You can PM me if you want


----------



## rjbphd (Feb 5, 2010)

PLUMBER_BILL said:


> Today a neighbor came over with a quote from an oil dealer with a quote on a gas boiler installation.
> 
> Asked me what I thought? Problem boiler I am not familar with.
> 
> ...


 Its a re-badged boiler made by Weil Mclain... needs more information... knowily its oil to gas coversetion...
Steam??? Hot water on which type of emitters???


----------



## rjbphd (Feb 5, 2010)

rjbphd said:


> Its a re-badged boiler made by Weil Mclain... needs more information... knowily its oil to gas coversetion...
> Steam??? Hot water on which type of emitters???


I re read your post, its the OIL company doing the gas converstion???


----------



## Gettinit (May 9, 2012)

rjbphd said:


> I re read your post, its the OIL company doing the gas converstion???


Why not? They will not be selling oil to them anymore. I bet they sell propane and plan to convert it to a propane boiler.


----------



## theplumbinator (Sep 6, 2012)

Williamson is a stripped down version of WeilMclain painted green. Bolth junk if you ask me. I would rather use a NewYorker made by Burnham, if I were to use a sub model boiler.


----------



## rjbphd (Feb 5, 2010)

theplumbinator said:


> Williamson is a stripped down version of WeilMclain painted green. Bolth junk if you ask me. I would rather use a NewYorker made by Burnham, if I were to use a sub model boiler.

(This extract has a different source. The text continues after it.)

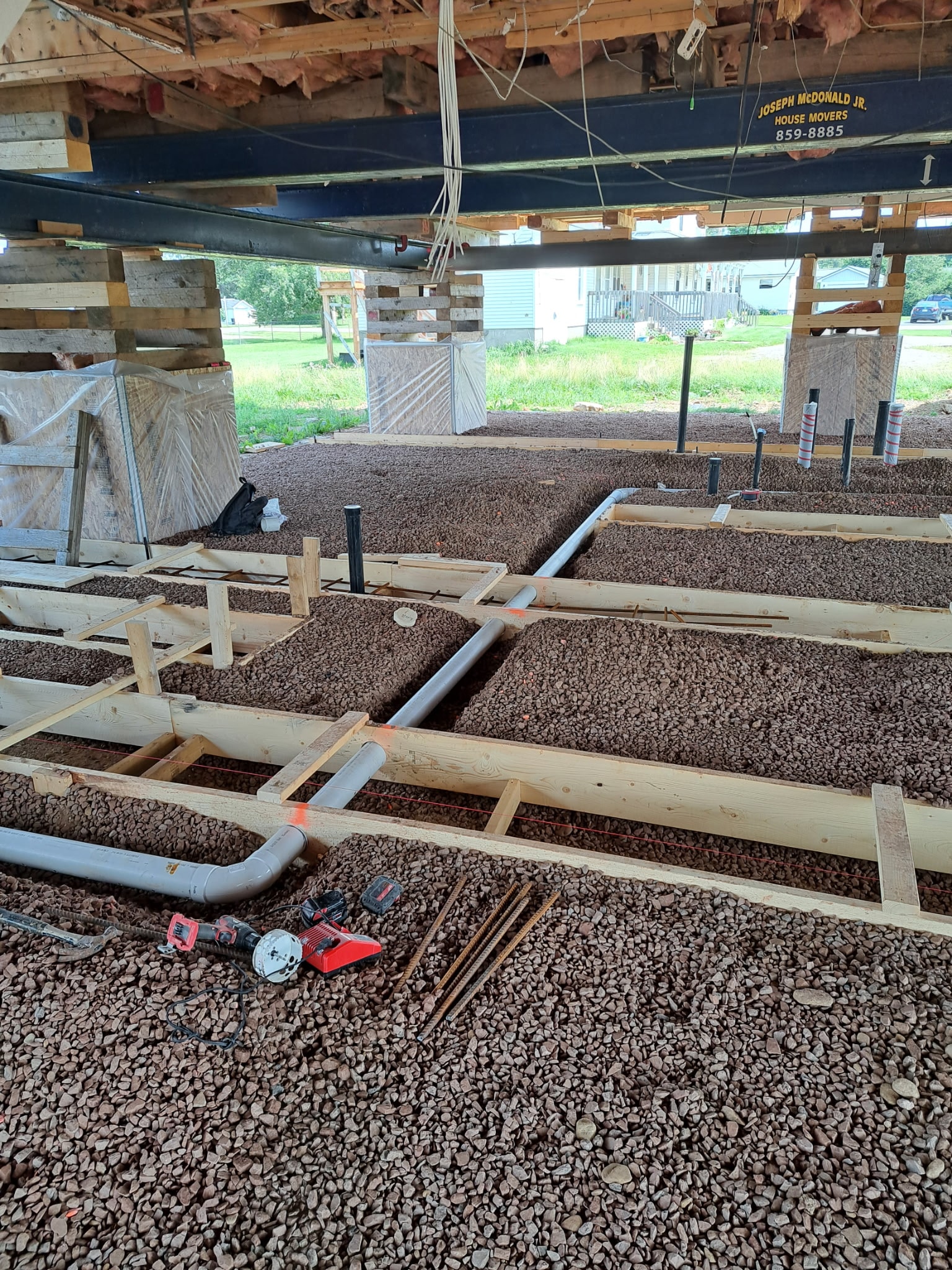 Radon rough-in system installation showing piping and gravel bed under new construction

 Bryant are the most junky boiler


----------



## theplumbinator (Sep 6, 2012)

Ive never even seen a Bryant boiler. I know they make AC units though I believe Carrier owns them. Ive always felt Slant Fin boilers were bottom of the barrel. I like their 30 series baseboard, but home depot used to sell their boilers around here left a bad taste in my mouth.


----------



## rjbphd (Feb 5, 2010)

theplumbinator said:


> Ive never even seen a Bryant boiler. I know they make AC units though I believe Carrier owns them. Ive always felt Slant Fin boilers were bottom of the barrel. I like their 30 series baseboard, but home depot used to sell their boilers around here left a bad taste in my mouth.


Bryant are rebadged of a junky boiler, Dunkirk... we call them Junkirk boiler here..


----------



## theplumbinator (Sep 6, 2012)

Dunkirk ive heard of. They also make pennco, I have to agree junkey boiler. Me personally I like Burnham, buderus, and viessman. I have been known to install the occasional peerless or crown if thats what the customer wants .


----------



## vinpadalino (Aug 27, 2010)

I've worked on Williamson furnace before they seemed good easy to service. Never the boilers..


----------



## theplumbinator (Sep 6, 2012)

Williamson furnaces I believe are sourced from ICP who lables twenty or so different brands I only ever worked on one, it was only a year old had to replace it due to flooded basement. Looked like a nice furnace though when I took it apart to scrap it. Heavy guage heat exchanger clean welds.


----------